Trade, the Fed, and oil concerns combined to pull equity markets slightly into negative territory for the week after three consecutive up weeks while bond yields moved lower across the curve. U.S.-China trade negotiation saga continued last week against a backdrop of an FOMC meeting and drone attacks on Saudi oil production facilities which sent oil market soaring nearly 15% on Monday, the largest increase since 2009. Ultimately, nearly half of the surge in oil prices was given back as the damage was assessed over the week.

Market Anecdotes

  • The FOMC meeting met market policy expectations for a 25bps cut but a non-unanimous vote (2 no change, 1 50bps cut) and the presser checked forward market rate expectations.
  • A spike in the overnight funding rate (repo market) resulted in the NY Fed stepping in as a liquidity provider four of five days last week.
  • U.S. – Sino trade delegations met in DC last week with mixed takeaways as the Chinese delegation end their trip early and POTUS took back last week’s suggestion of a potential ‘interim’ deal.
  • Saudi’s loss of oil production capabilities in last week’s drone attack was larger than Kuwait’s hit in 1990. A Saudi report mid-week indicated 50% of damaged production had been restored with the remainder estimated to be back online by month end.
  • The OECD cut their global GDP growth projection down from 3.2% to 2.9% citing trade and political concerns impact on growth.
  • Arbor Research cited a clear upturn in the Global Economic Strength Index alongside downward trending sentiment data as a compelling case for a constructive outlook.
  • The UAW initiated a strike at GM, their first labor dispute since 2007.
  • Absolute Strategy Research points out that the $500b gross inflows to PE over the past year are close to public equity inflows.  Additionally, for most of the prior decade apart from 2018, PE returns have been broadly comparable to public equity returns.

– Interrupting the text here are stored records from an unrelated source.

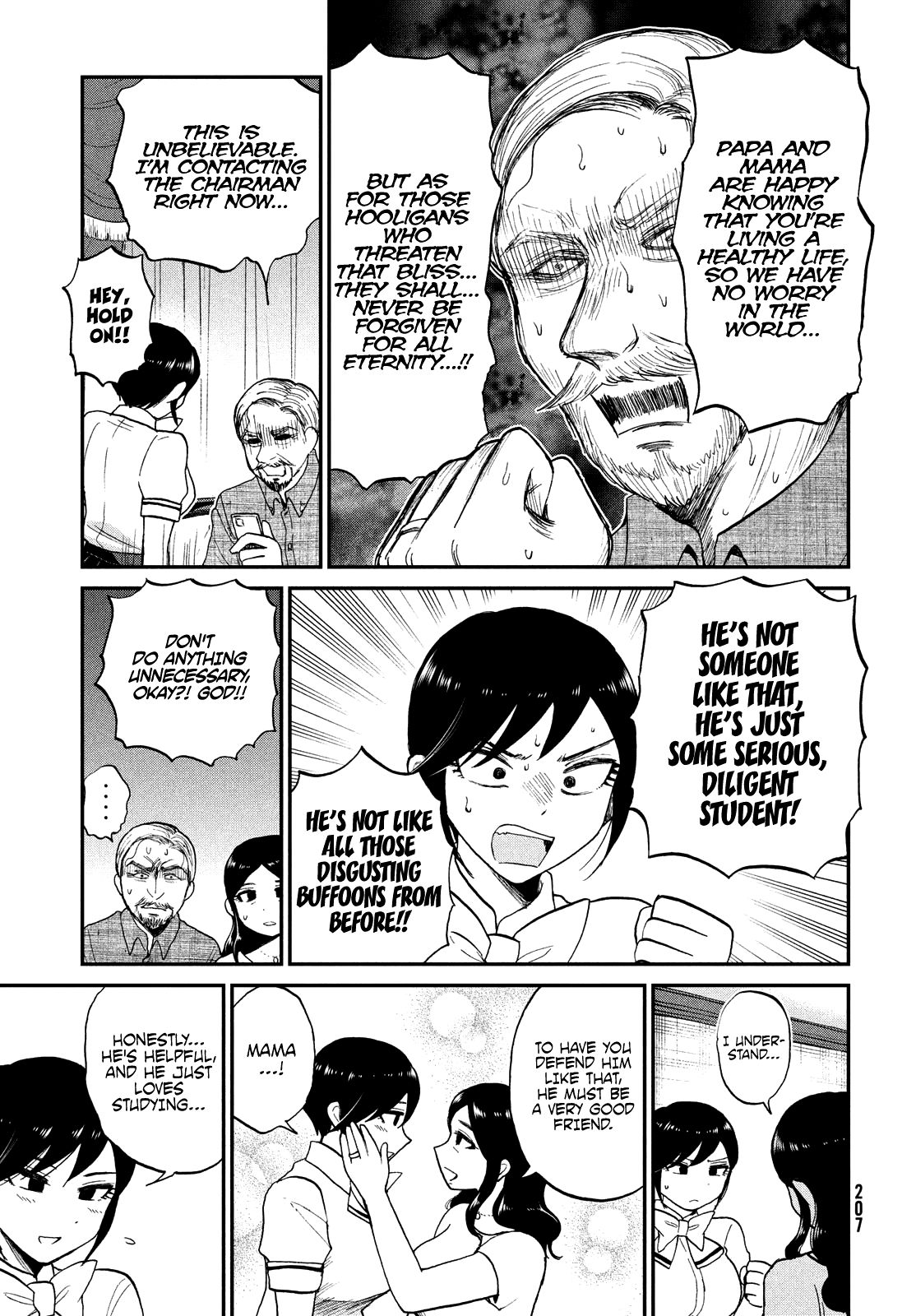 Page 11 of Chapter 21.5
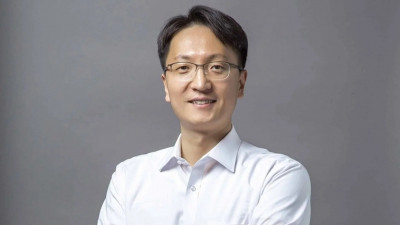 前中國員工竊取3370萬用戶個資  南韓酷澎執行長朴大俊辭職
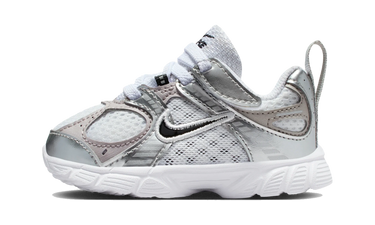 Nike V5 RNR White Vast Grey (TD) - HQ6413-100 - View 1 | Next Step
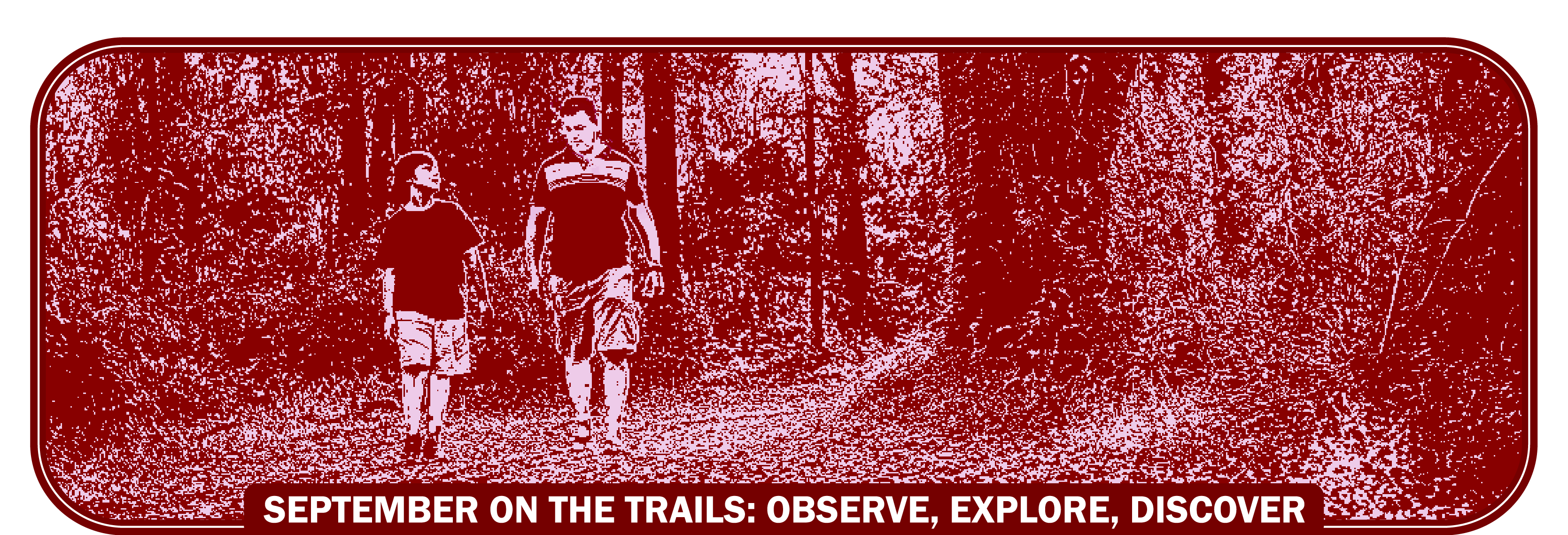 September 2026 activity month header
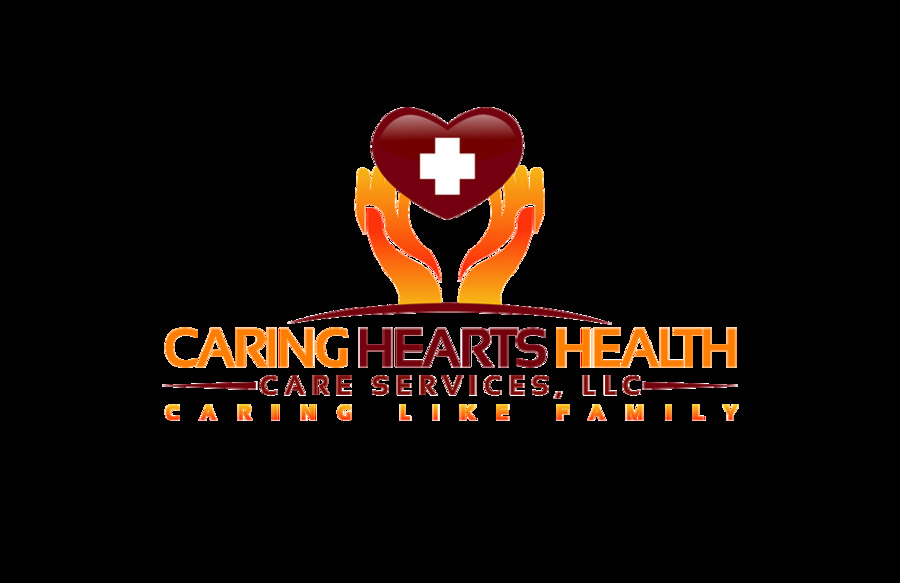 Caring Heart Health Care Services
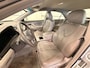 Toyota Camry HYBRIDE 2.4i Automaat Lerenbekleding Clima Uniek in NL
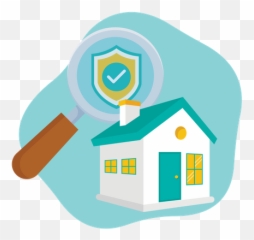 Real Estate Agent Illustrations Images U0026 Vectors - Royalty Free Property png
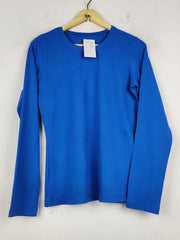 Buy online pre-used pre-loved 100% authentic & Original branded D (FS-2721) available in Pakistan. Top international brands avilable.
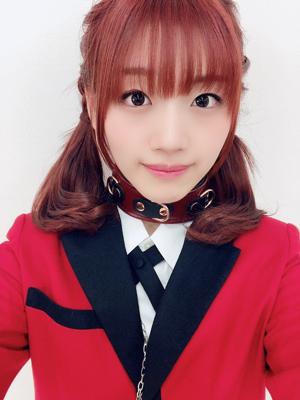 聚楽様〜🥰のサムネイル
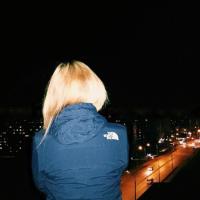 Евгения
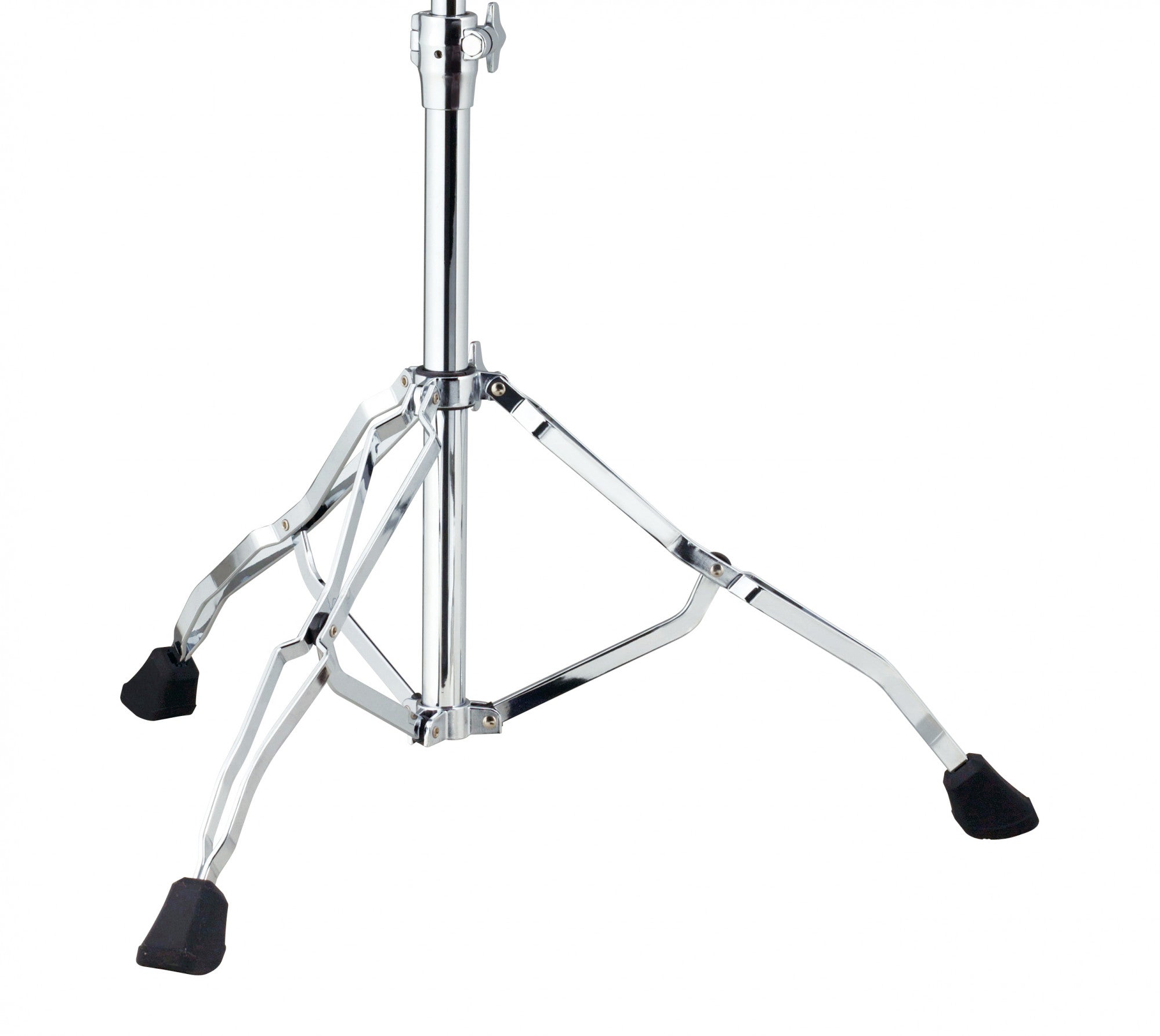 TAMA Stativbasis Baugruppe für HTC87 Combi Stand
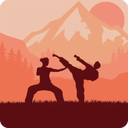 Taekwondo program
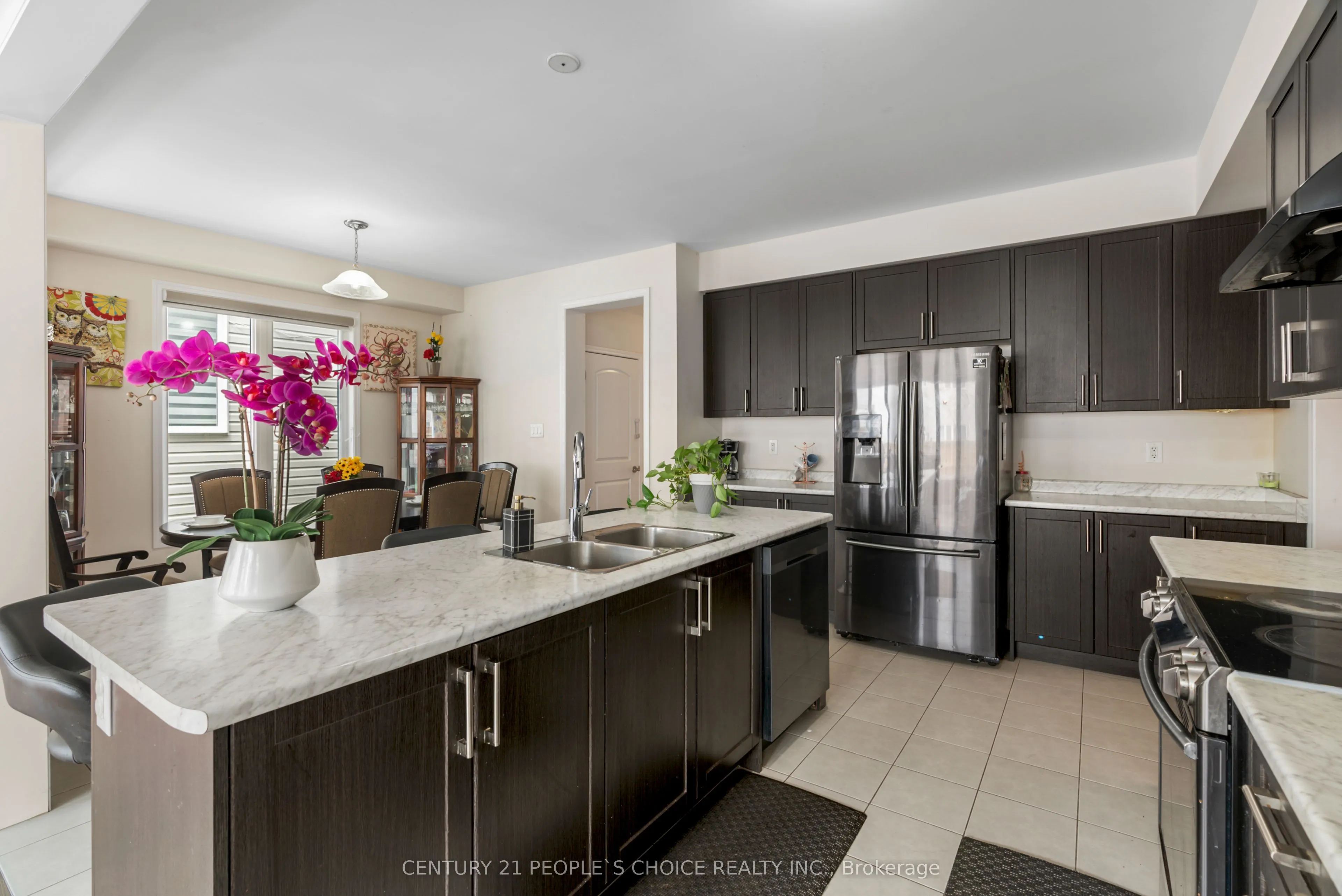 8670 Chickory Trail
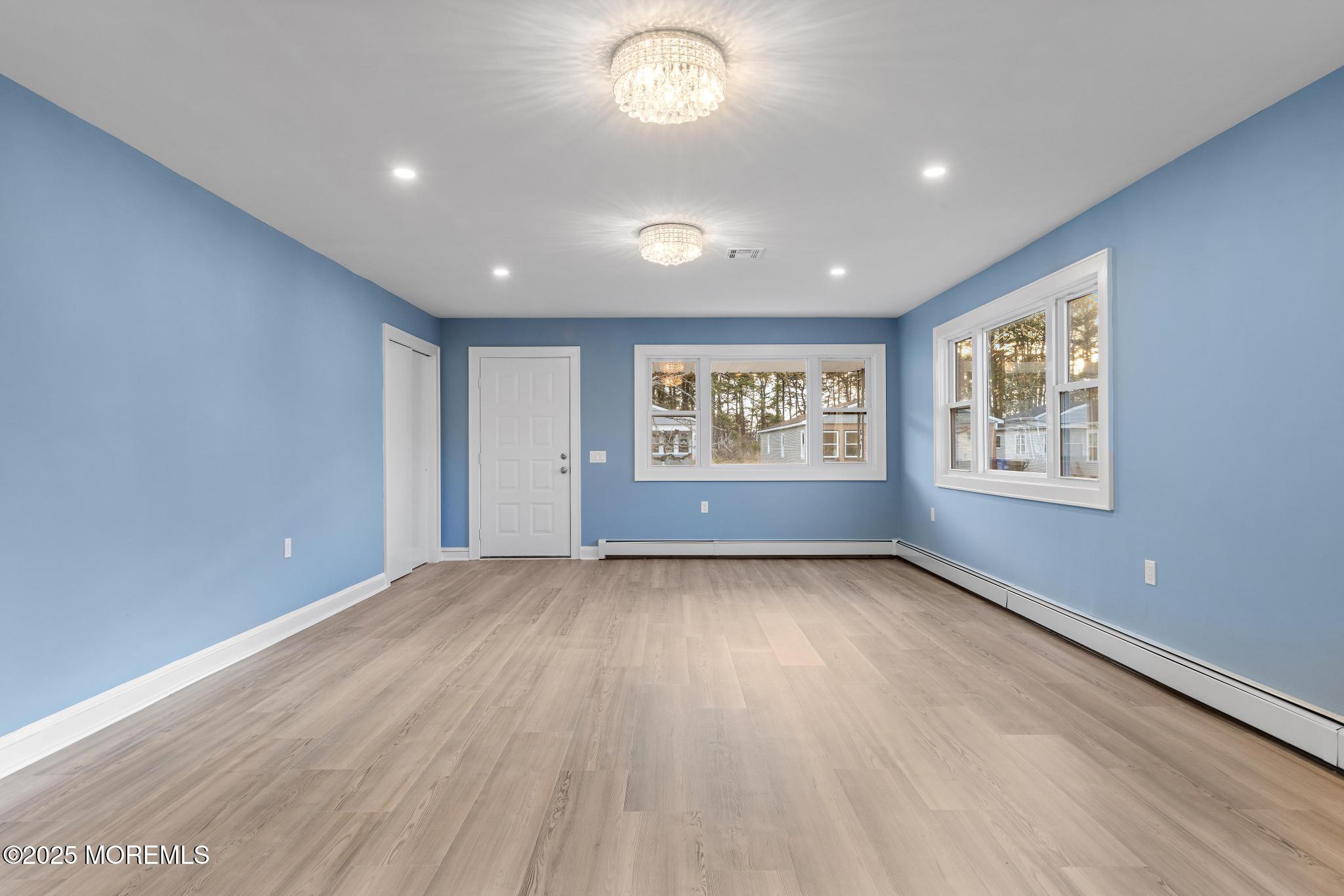 86 San Carlos Street, Toms River, NJ, 08757 image 17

Economic Release Highlights

  • August industrial production handily beat expectations (0.6% v 0.2%) in the strongest showing of the year, a most welcomed sign for the Fed.  Manufacturing, mining, and utilities all posted gains.
  • August housing starts and permits both beat expectations, now both sitting slightly above the expansion peak early last year.
  • August existing home sales crushed estimates (+2.6% YoY) and posted the highest reading since March of 2018 with prices rising 4.7%.
  • The Conference Board updates to LEI/CEI has the ratio continuing to move sideways with no noticeable deterioration.